林愿慌忙低下头,心跳如擂鼓,手腕被摩挲过的地方像被烙铁烫过一样,热度久久不散。
“明日我会让秦忠过来。”秦骁站起身,声音恢复了一贯的冷硬,但细听之下似乎有一丝不易察觉的紧绷,“他是我身边的老人,手脚麻利,人也可靠,帮你打理杂事。你不必推拒,店里确实需要人手。”
说完,他不等林愿回应,便转身大步朝外走去,背影竟显得有些仓促。
林愿看着他的背影消失在门外夜色中,久久没有动弹。
桌上放着食盒和手炉,指尖是新的、包扎得整齐了许多的棉布,手腕上还残留着那令人战栗的触感和温度。
秦骁的每一次出现,都带着强硬的闯入和不容拒绝的安排,让他感到压迫和不安。
可每一次,他又总能在他最需要的时候,以最意想不到的方式,给予他切实的保护和温暖,霸道却又细致。

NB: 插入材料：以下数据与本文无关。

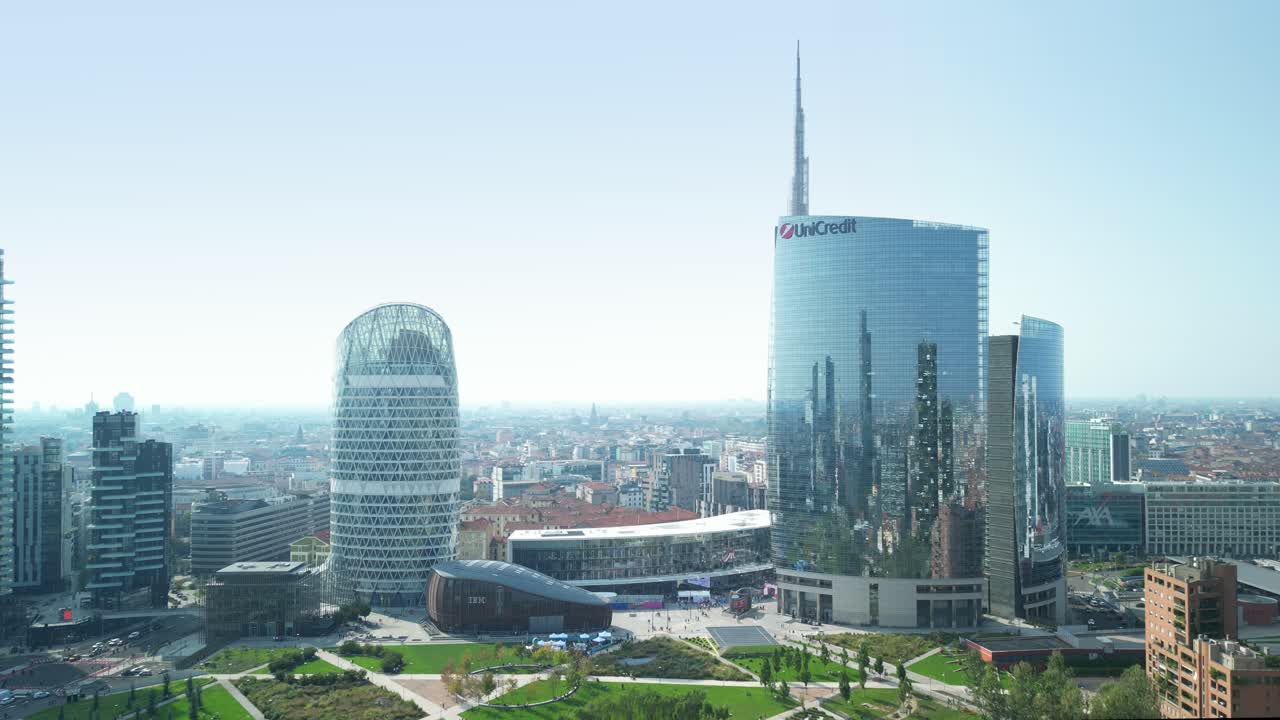 milán, italia, los rascacielos del centro gae aulenti, el nuevo horizonte de milán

这种冰火交织、矛盾重重的感觉,几乎要让林愿迷失方向。
他究竟该怕他,躲他,还是……
就在这时,后巷远处突然传来几声短促而尖锐的犬吠,紧接着似乎有什么重物落地的闷响,之后便彻底归于死寂,连犬吠声都消失了。
林愿猛地从混乱的思绪中惊醒,侧耳倾听。
夜,静得有些反常,甚至……诡异。
一种莫名的不安感,悄然爬上心头。
秦骁刚才说,已经警告了秦煜,也“提醒”了二房。
他是如何“警告”和“提醒”的?
方才那短暂的异响,又是什么?
第26章 开张
清晨的薄雾尚未散尽,位于东市边缘的“林记食肆”门前,已经飘起了一股诱人的食物香气,混合着新木和油漆的味道,宣告着这家小店的崭新开张。
林愿系着干净的粗布围裙,站在擦得锃亮的柜台后,看着眼前这间不大却五脏俱全的铺面,心里充满了难以言喻的成就感和踏实感。
从街头摊贩到拥有自己的固定铺面,这一步他走了将近半年。招牌是他自己写的,朴拙却有力——“林记食肆”四个字下方,还画了个简笔的碗筷图案,算是logo。
今天的开张,他准备得格外充分。除了赖以起家葱油饼、鸡蛋灌饼,他打算再增加肉夹馍和好几样现代小吃。